**Captioned web image data**.
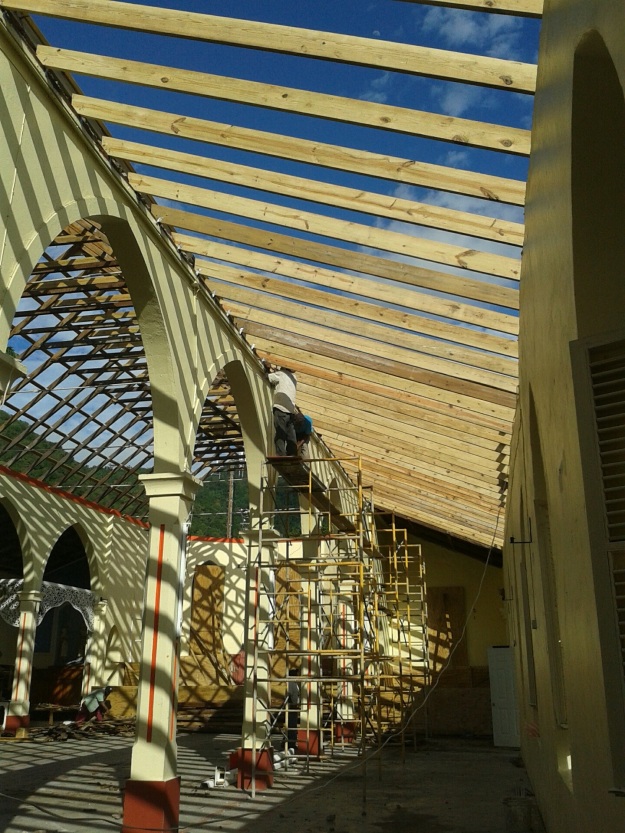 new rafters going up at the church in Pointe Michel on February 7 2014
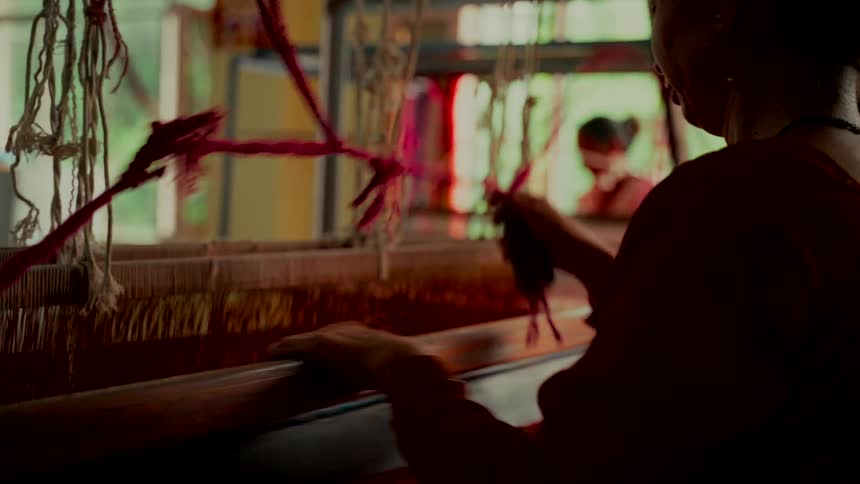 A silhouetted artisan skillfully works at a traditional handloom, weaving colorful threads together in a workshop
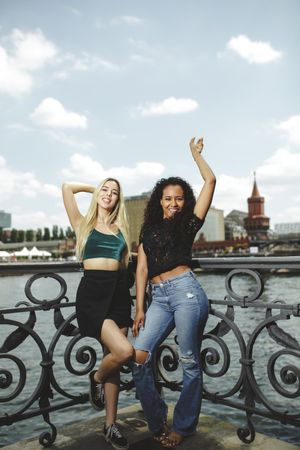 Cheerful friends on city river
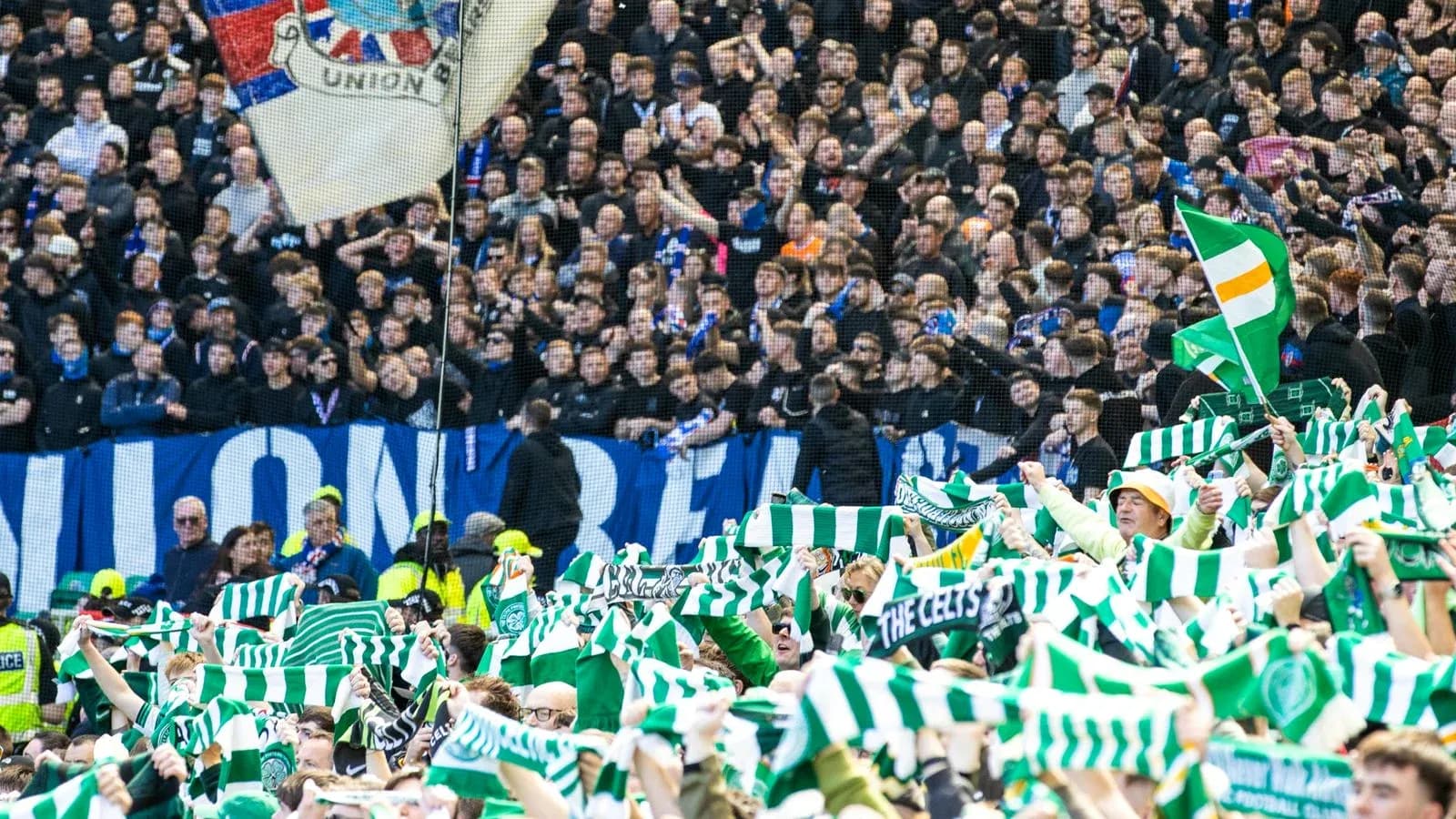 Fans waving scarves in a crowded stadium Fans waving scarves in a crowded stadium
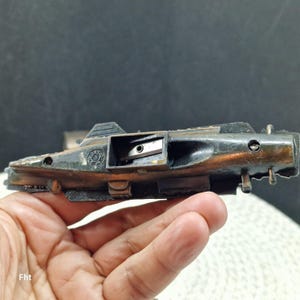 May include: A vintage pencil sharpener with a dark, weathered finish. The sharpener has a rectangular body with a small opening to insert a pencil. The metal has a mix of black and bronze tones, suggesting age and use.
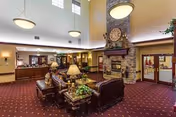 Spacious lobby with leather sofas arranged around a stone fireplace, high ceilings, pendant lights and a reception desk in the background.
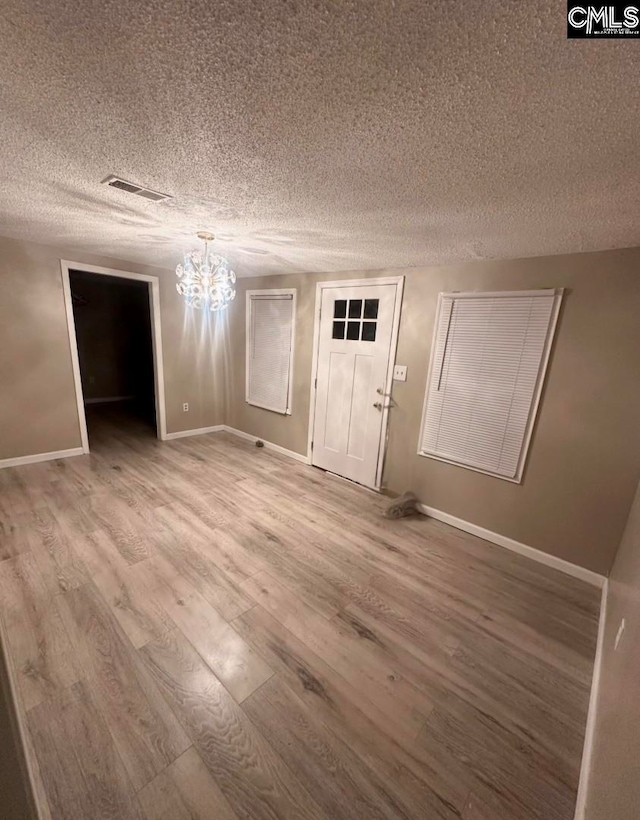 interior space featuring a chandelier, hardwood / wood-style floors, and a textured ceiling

**Exercise objective**.
An exact restatement is expected of the lines from the line containing "Fans waving scarves in a crowded stadium Fans" to the end of the data above, pictures excluded.

**Solution to this exercise**.
 Fans waving scarves in a crowded stadium Fans waving scarves in a crowded stadium
 May include: A vintage pencil sharpener with a dark, weathered finish. The sharpener has a rectangular body with a small opening to insert a pencil. The metal has a mix of black and bronze tones, suggesting age and use.
 Spacious lobby with leather sofas arranged around a stone fireplace, high ceilings, pendant lights and a reception desk in the background.
 interior space featuring a chandelier, hardwood / wood-style floors, and a textured ceiling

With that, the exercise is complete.